Zip Co (ASX: Z1P) had a standout week, outdoing most other stocks across the market thanks to its fourth-quarter trading update. The BNPL company rose 28.9% after detailing a strong finish to 2020, setting numerous records in the final quarter of the year as momentum across its business begins to build. Management announced that customer numbers soared 97% to 5.7 million, while revenue leapt 88% year-on-year to reach $102 million in the period.

A major deal with the US government was enough to propel shares in Lynas (ASX: LYC) sharply higher to end the week. The company will build a rare earths separation plant in Texas, which is expected to handle a production throughput of 5000 tonnes of rare earths per annum. As part of the deal, Lynas and the US Department of Defense will each co-contribute US$30 million towards the project. Shares in Lynas gained 26.1% this week.

Australian software firm Nuix (ASX: NXL) also posted a big result this week, climbing 22.2% to $11.05 per share. The investigative analytics and intelligence developer only made its debut on the ASX at the start of December, however, the company’s life as a public entity has thus far proved successful, especially since its IPO price was $5.31 per share.

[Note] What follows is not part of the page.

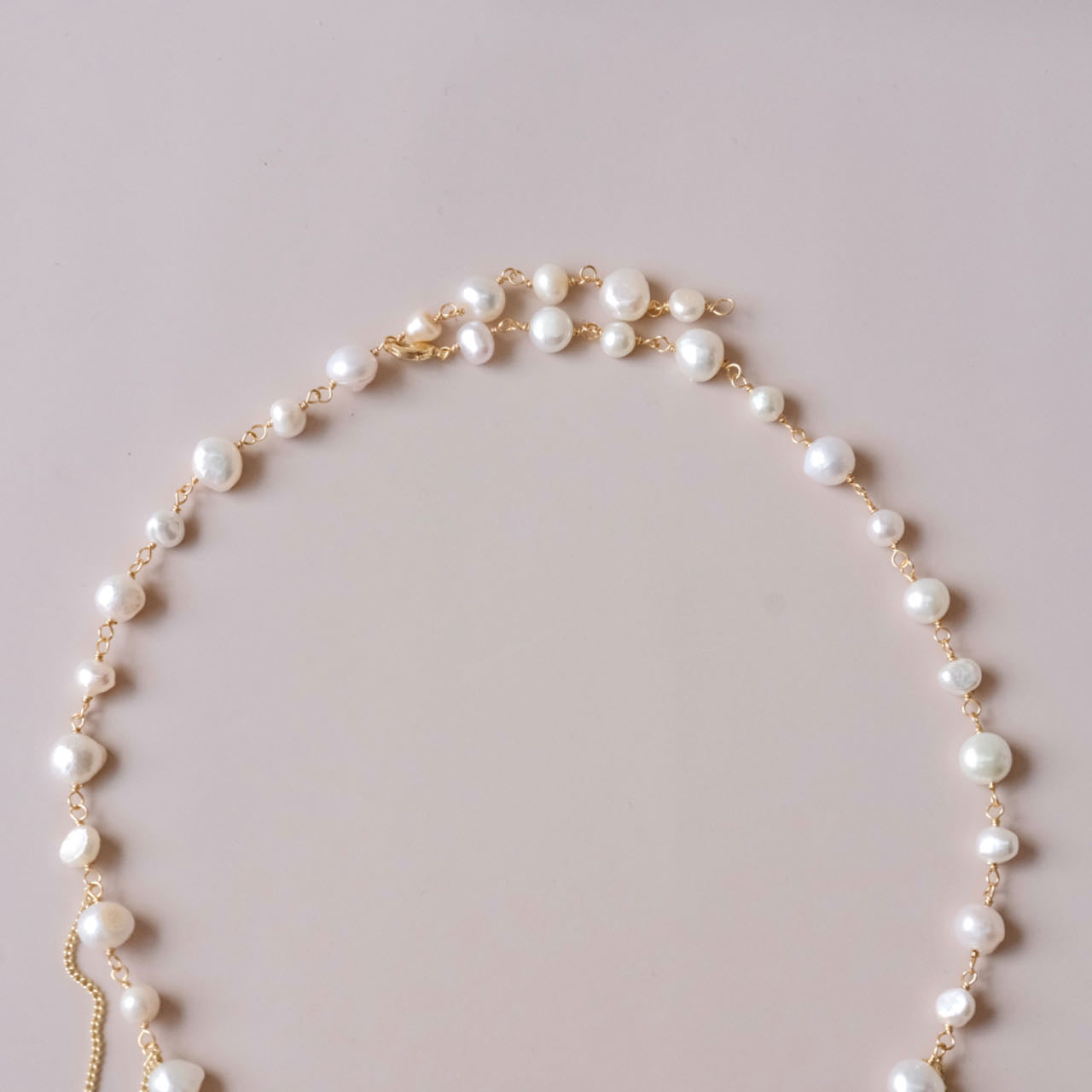 Unique desgin for the Baroque pearls with Chain pearls necklace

Takeover talk lit a fuse under the share price of Bingo Industries (ASX: BIN). The waste management company was the subject of a conditional takeover bid from private equity firm CPE Capital, which has offered investors $3.50 per share in Bingo. Alongside the private equity suitor are numerous other sponsors to the bid, including Macquarie Infrastructure and Real Assets.

Investment platform provider Netwealth (ASX: NWL) was another of this week’s best-performing mid-to-large cap stocks, benefitting from an upbeat quarterly report. As at the end of December, the company had $38.8 billion in funds under administration, which was 14% higher than the prior quarter. More than half of the increase across the quarter was attributable to net inflows. Management also took the opportunity to increase the company’s guidance for FY21 net inflows. Its peer, Hub24 (ASX: HUB), was also spurred on by strong growth in funds under administration.

Among the other winners this week were lithium duo Galaxy Resources (ASX: GXY) and Orocobre (ASX: ORE), Fisher & Paykel Healthcare (ASX: FPH), plus tech businesses like Uniti (ASX: UWL), WiseTech (ASX: WTC) and EML Payments (ASX: EML).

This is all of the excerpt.